Lady Skollie has been an outspoken presence on the South African and international art scene since 2014. She has exhibited in several group and solo exhibitions and successfully harnessed the power of social media and art to bring her messages of sexual, cultural and gender empowerment to audiences beyond the borders of her home country. The style of her effervescent, textured and exuberant works is immediately recognizable, and they speak to what it means to be a womxn and a person of colour in a world antagonistic to these identities.
As she tends to Win, she tells me about how she’s feeling about Groot Gat, her upcoming show opening on 24 June at the National Arts Festival in Makhanda (formerly Grahamstown). “I’m very excited. I won the Standard Bank Young Artist Award for Visual Arts, then found out I was pregnant, and I made the show during that time, and now I’m excited to see how everything comes together and how it moves through the country.” Groot Gat is at once a reference to the Boesmansgat water hole in the Northern Cape from which Lady Skollie has drawn inspiration for this body of work, in addition to being a striking acknowledgement of the holes left behind in First Nation knowledge systems by destructive processes such as colonialism and Apartheid. For the people of the area, this body of water was important for survival. It’s now been appropriated by free divers. “The show is all about water, about beings in water and mythical stuff,” Lady Skollie says. “The gaps (in knowledge) are always filled by other people. They’ll say, ‘Hey, did you know this?’ It’s about filling in the gaps and finding things out about yourself continuously. It’s about learning ourselves as an act of resistance.”
Water is a complex, politically loaded medium. It’s essential for life, is often at the forefront of geopolitical dispute, and has facilitated the movement of people across the globe for generations, for good or bad. Lady Skollie’s work engages with the complexity of water and makes of it a magical, imaginary space where coloured people express themselves with no limitations and no colonial baggage dragging them down. It’s not lost on me that there’s a deep irony in Makhanda being chosen as the site for this exhibition, and the fact that this small Eastern Cape town has been battling water issues for years as taps regularly run as dry as municipal maintenance accounts.
There is a touch of Afrofuturism to Lady Skollie’s brightly vibrant depictions of mystical beings adorning cave walls, presided over by the guardian figure of Bushman artist Coex’ae Qgam.
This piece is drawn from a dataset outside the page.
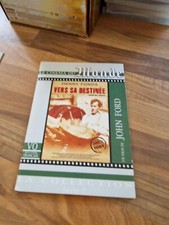 Dvd destinee henry d'occasion  Saint-Malo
Like the Kenyan-born artist Wangechi Mutu, she fashions a world lingering just out of reach, one that images powerful transformations to challenge our ideas of what is real. Lady Skollie’s watery paradise exists on the other side of Boesmansgat, and it’s where San, Khoi and Griqua peoples enjoy an existence undisturbed by the ravages of time and the purposeful rubbing out of their inherited knowledge. Don’t miss this exhibition.
Lady Skollie’s new exhibition will debut on 24 June at the National Arts Festival in Makhanda.